Plus tôt ce mois-ci, Coulisses Le réalisateur Kane Parsons, qui a réalisé le film le plus rentable à ce jour pour le studio A24, a déclaré : « Si je pouvais claquer des doigts et faire disparaître l’IA générative pour toujours, je le ferais probablement. D’un point de vue créatif, je n’éprouve aucun plaisir à utiliser ces outils. Cela va complètement à l’encontre de mon objectif. » Cette semaine, A24 a signé un accord de partenariat de recherche sur l’IA avec la société DeepMind de Google pour aider à développer une technologie basée sur l’IA pour les cinéastes.

Le directeur d’A24 Labs, Scott Belsky, a défendu l’accord, déclarant au Wall Street Journal que « nous pensons qu’il existe de meilleures utilisations (de l’IA) qui préservent le contrôle créatif et soutiennent la prise de risque », et que ces nouveaux outils d’IA « ne ressembleront en rien au type d’IA à génération invitée avec lequel les gens se sentent mal à l’aise », tandis qu’Eli Collins, vice-président de DeepMind, a ajouté : « Nous pensons que des avancées se produisent lorsque la technologie est mise entre les mains des meilleurs esprits dans le domaine. »

Comme vous pouvez l’imaginer, l’investissement de 75 millions de dollars de Google dans A24 à ces fins n’a pas été bien accueilli par les fans de la société de divertissement indépendante, qui a déjà marqué des coups de circuit au box-office avec des titres à petit budget comme Awards Darling. Tout partout en même temps et Parsons Coulisses. Au lieu de cela, les réseaux sociaux ont été bombardés de commentaires négatifs depuis l’annonce de l’accord.

« Il est assez décevant qu’une société qui vient de profiter du retour triomphal au box-office du résolument anti-IA Kane Parsons, BACKROOMS, conclue un tel accord », a écrit la cinéaste et actrice Justine Bateman sur X. « Tous les réalisateurs d’A24 devraient se préparer à ce que vos films soient modifiés contre votre gré avec cet accord. Google est la société qui a bâtardé LE MAGICIEN D’OZ pour la course Vegas Sphere, insérant les visages des PDG d’entreprise dans la foule, supprimant le les choix d’orientation du réalisateur, etc.

D’autres réactions négatives ont également afflué. « C’est incroyable à quel point le marketing de Backrooms et une grande partie du travail du réalisateur impliquent de parler de la fraîcheur de Blender et de la façon dont n’importe qui peut l’utiliser pour la production », a posté un écrivain. « Voir cela depuis l’A24 et décider ensuite ‘oui, nous devons faire pression pour l’IA’ est tout simplement insensé. Nous sommes vraiment dans la pire chronologie. » Un autre artiste, postant « avec tout l’amour du monde pour A24 », a écrit : « Vous vous en sortez très bien, vous n’avez pas besoin de l’argent de Google. »

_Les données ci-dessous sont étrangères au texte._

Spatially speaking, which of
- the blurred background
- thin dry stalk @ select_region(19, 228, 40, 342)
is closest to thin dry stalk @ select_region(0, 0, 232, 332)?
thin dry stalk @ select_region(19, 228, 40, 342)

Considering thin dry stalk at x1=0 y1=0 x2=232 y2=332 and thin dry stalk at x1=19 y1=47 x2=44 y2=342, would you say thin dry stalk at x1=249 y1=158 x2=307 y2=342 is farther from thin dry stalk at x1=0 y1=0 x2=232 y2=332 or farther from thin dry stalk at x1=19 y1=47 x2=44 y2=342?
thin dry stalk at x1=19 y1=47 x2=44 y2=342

Variety note que l’accord « ne donne pas à Google accès à la bibliothèque de contenu d’A24 ou à ses données », et qu’il permettra à A24 d’accéder à la recherche et à l’infrastructure de DeepMind, tandis que DeepMind collabore avec A24 pour « créer de nouveaux flux de travail ».

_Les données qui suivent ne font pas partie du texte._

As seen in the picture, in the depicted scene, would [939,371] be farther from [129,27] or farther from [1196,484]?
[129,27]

Bien que de nombreux cinéastes et fans restent mécontents du nouveau partenariat d’A24 avec Google, il est peu probable qu’il annule l’accord, même si les réactions négatives se poursuivent. Il s’agit de la première collaboration de ce type entre DeepMind et un studio plutôt qu’un cinéaste spécifique, et il s’agirait d’un contrat pluriannuel.